Bakışlarımı oradan çekip gözlerine sabitledim. Zaten bu çocuktan hiç haz etmemiştim Gamze'yle çıkmalarından itibaren!
"Veremem. Çünkü bende numarası yok!" dedi yine avazı çıktığı kadar bağırarak. Ağzının ortasına bir tane çakmak istedim ama vazgeçtim. Kolunu elimden kurtardı. Yüzüne nefretle baktım.
"İyi, bulurum ben! Ama bunların bedelini ödeyeceksin Demir!" dedim ve onu sinirle ittim. Daha sonra da sinirle çelik kapıyı çarpıp çıktım.
Hızla Serdar'ın evine gittim.

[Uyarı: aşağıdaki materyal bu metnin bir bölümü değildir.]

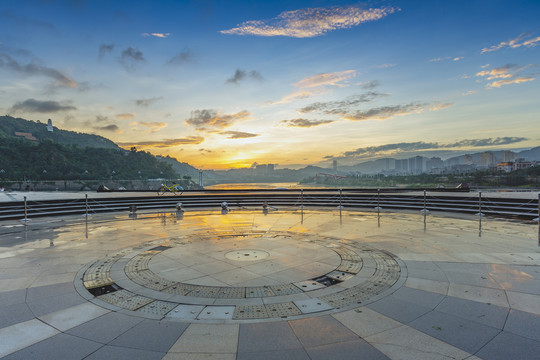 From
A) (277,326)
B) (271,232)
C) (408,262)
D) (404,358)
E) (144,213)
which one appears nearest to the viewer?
(404,358)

Kapıyı çaldım, çaldım. En son çekip gidecektim ki bi kız kapıyı açtı.
"Serdar..." dediğim sırada kelimeleri yuttum. Serdar'ın manitası dediğim kız, karşımdaki kız... Seda'ymış!
"Ulan orospu! Başka insan mı bulamadın?" diyerek üstüne atladım. Seda'nin nasıl bir kaltak olduğunu anlatmam için 3 kitap anlatmam gerekirdi. Kısacası okulun yarısı bu kızın elinden geçmişti. Neyse ki biz Kerem'i erkenden kaptık da onu ele geçirmesine izin vermedim. Ama olan kankama oldu. Ve abime...
Seda'nın saçları elimde tek tek birikirken bir yandan bana vuruyor bir yandan da saçlarını benden kurtarmaya çalışıyordu. Felaket darbeler alsam da pes etmeyip ona can çekiştirdim. En son saçlarını bırakıp suratını cırmalamaya başladım.
Serdar bağırarak yanımıza geldi. Beni kızın üstünden çekmeye çalıştı.
"Nehir!!!" diyerek bir bağırdı... Başka zaman olsa altıma ederdim ama onun bağırmasıyla kızın suratına bir tokat daha geçirdim.
Serdar beni kucaklayıp uzaklaştırdı. Bu kez onu yumruklamaya başladım.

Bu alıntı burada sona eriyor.